START LISTED ENTRIES

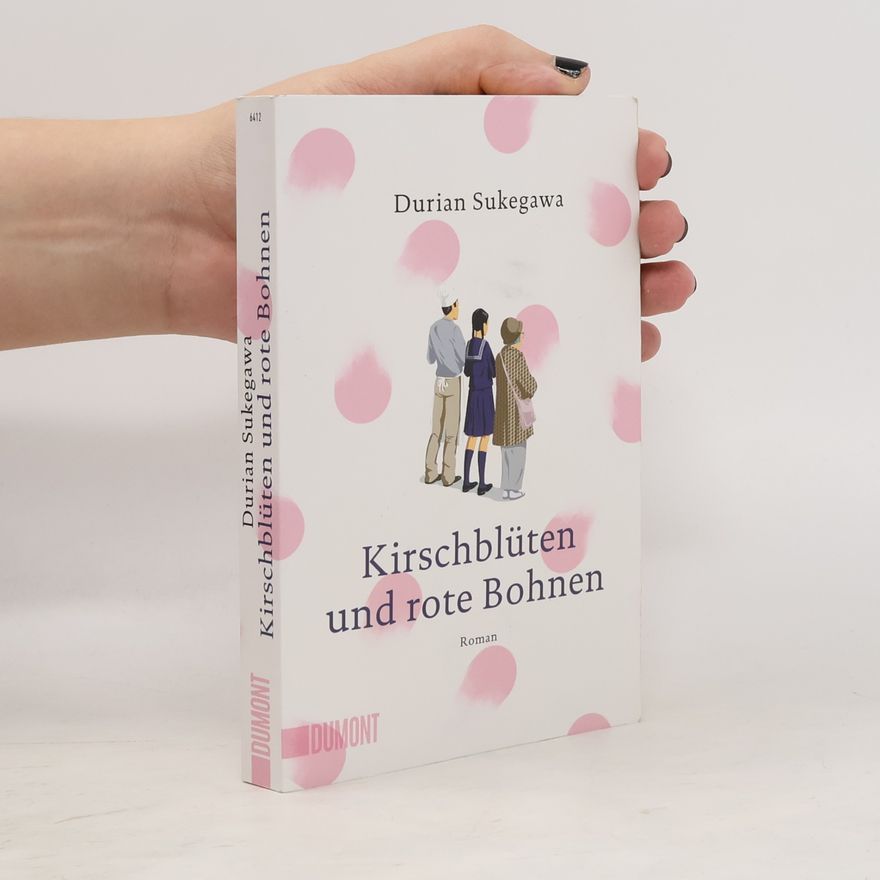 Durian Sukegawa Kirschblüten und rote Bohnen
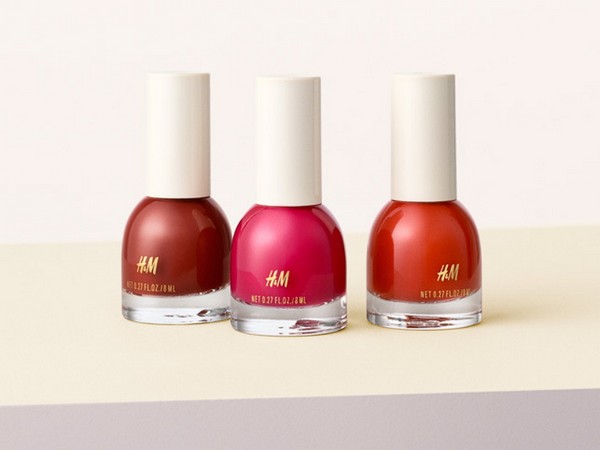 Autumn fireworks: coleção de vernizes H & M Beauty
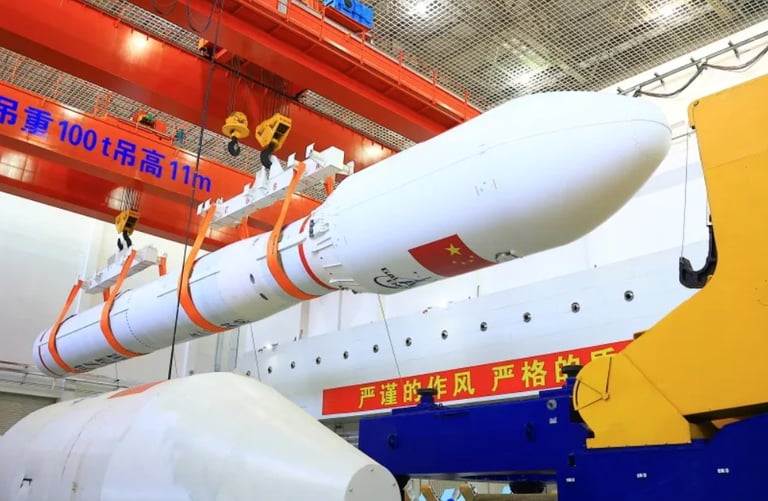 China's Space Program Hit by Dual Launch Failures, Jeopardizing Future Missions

END LISTED ENTRIES
START LISTED ENTRIES

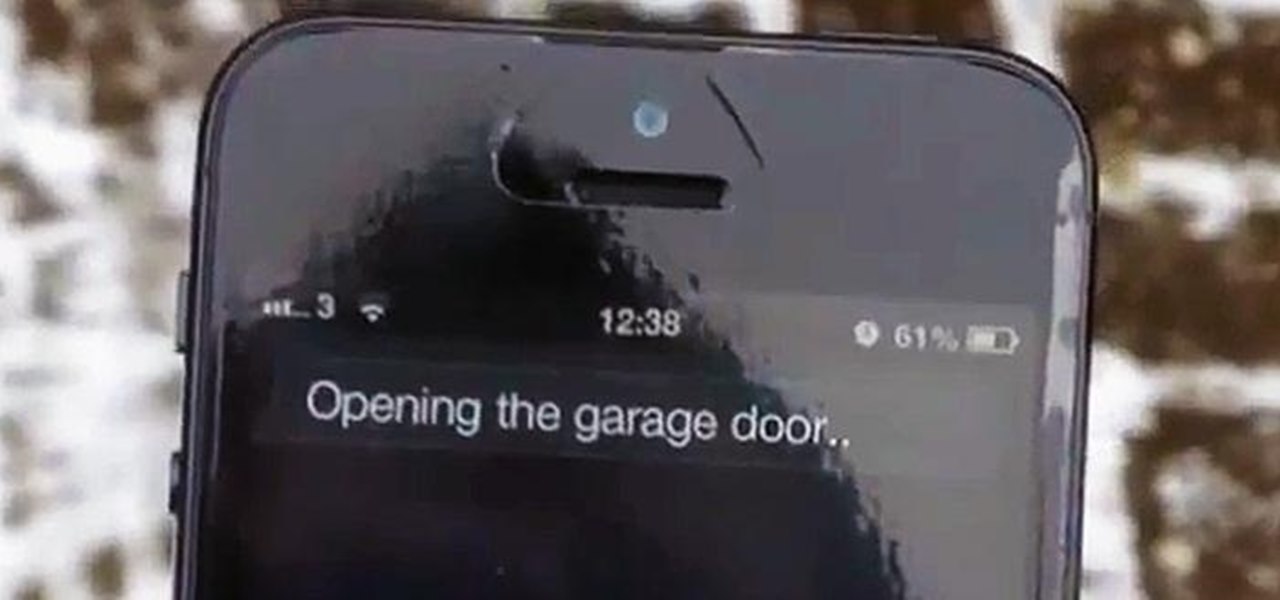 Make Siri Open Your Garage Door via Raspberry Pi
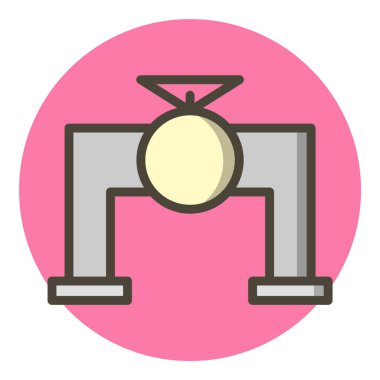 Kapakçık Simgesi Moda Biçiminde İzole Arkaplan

END LISTED ENTRIES

In the listing above, find the line with "Durian Sukegawa Kirschblüten und rote Bohnen" and output every line through the one with "China's Space Program", exactly, without the pictures.

ANSWER
 Durian Sukegawa Kirschblüten und rote Bohnen
 Autumn fireworks: coleção de vernizes H & M Beauty
 China's Space Program Hit by Dual Launch Failures, Jeopardizing Future Missions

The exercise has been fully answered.